Church Life

An Invitation to Believe

I was a memory-verse A-lister, Bible trivia ace pastor’s kid. A crisis of faith brought me to read Scripture anew.

Illustration by Jill DeHaan

When I was 27, my faith fell apart. To be more accurate, the house of cards I had carefully constructed to look like faith fell apart.

For years I had hidden certain doubts and hypocrisies behind theological knowledge and articulate arguments. I gave the impression of confidence in Christ while actually grasping at confidence in myself. And then it all blew up. I was fired from a job for dishonesty and theft. My sin was exposed, and the damage it caused was deep. Worst of all, though, I was forced to confront the question “What do you actually believe?” Not “What do you profess?” or “What do you assent to?” but “What do you stake your life on?”

And I couldn’t very well answer. All my previous professions of faith had brought me to this place. I was staring into the chasm of unbelief, on the brink of falling in completely, and realizing I didn’t know how to believe or whom to believe in.

Amid this crisis, an elder from my church who was patiently caring for me and offering guidance urged, “Go back and read the Gospels and look for Jesus. Try to forget all your preconceptions.” That’s not an easy thing for a pastor’s kid, Sunday schooler, sword-drill champion, memory-verse A-lister, Bible trivia ace, and flannelgraph aficionado. Preconceptions were, in many ways, all I had.

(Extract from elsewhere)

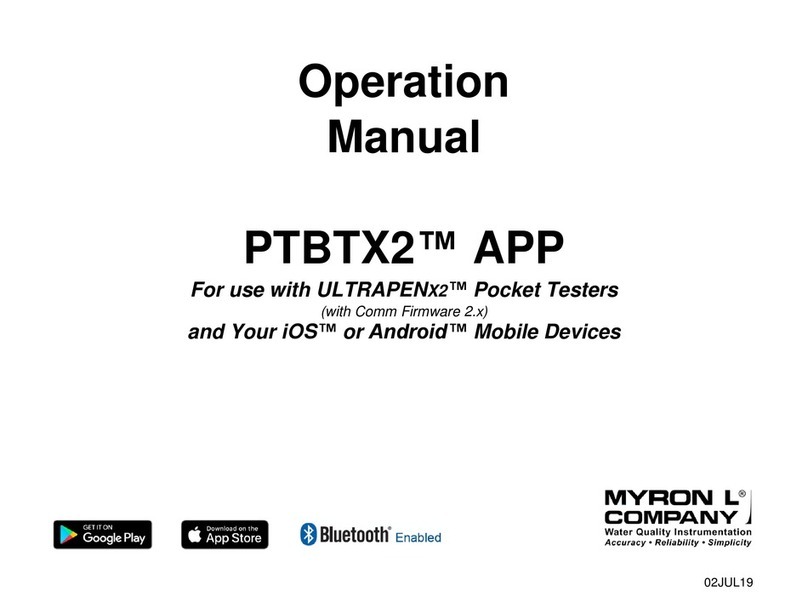 Myron L ULTRAPENX2 User manual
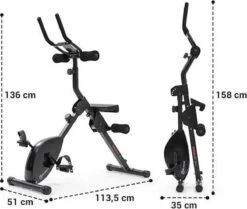 CAPITAL SPORTS Azura Fusion Fiets Hometrainer 3in1 Cardio-/standing Bike AB Trainer , Magnetische Weerstand , Belastbaarheid: Max. 100 Kg 14 CAPITAL SPORTS Azura Fusion Fiets Hometrainer 3in1 Cardio-/standing Bike AB Trainer , Magnetische Weerstand , Belastbaarheid: Max. 100 Kg -Fit Verkoop 1200x1016 4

But I did my best. Starting in Matthew 1, I read stories and passages I’d read a hundred times. I read through Jesus’ teachings and about his miracles. I muddled and trudged my way into Mark. Then I got to Mark 9 and the account of a desperate father bringing his demon-possessed son to Jesus for deliverance. I knew this story. It barely registered as significant in the moment, except for one interaction:

“It has often cast him into fire and into water, to
destroy him. But if you can do anything, have compassion
on us and help us.” And Jesus said to him, “‘If
you can’! All things are possible for one who believes.”
Immediately the father of the child cried out and said,
“I believe; help my unbelief!” (Mark 9:22–24, ESV)

This grabbed my attention. When a struggling doubter brought those doubts to Jesus and asked for help, Jesus didn’t reject or condemn him for his struggles. The man could look Jesus in the face and say, “Help my unbelief” and Jesus would. This offered a paradigm for real faith: belief with struggle, belief with dependence.

The words I had so often skipped over began to take on flesh in the living person and reality of Jesus. Whereas I had been unmoved by reading of Jesus’ birth, I now discovered another sort of advent—when Jesus comes alive in a soul.

These discoveries weren’t immediate. Yet seeing those verses that day was the spark that caught the tinder of my heart. Over the ensuing months, the flame flickered, then crackled, then roared into heat and light in my heart. Jesus invited me into belief and showed me he is indeed the life who is the light for men’s hearts (John 1:4).

Barnabas Piper is a pastor at Immanuel Church in Nashville, Tennessee. He is the author of several books, including Help My Unbelief and Belong. He is married to Lauren and has three children.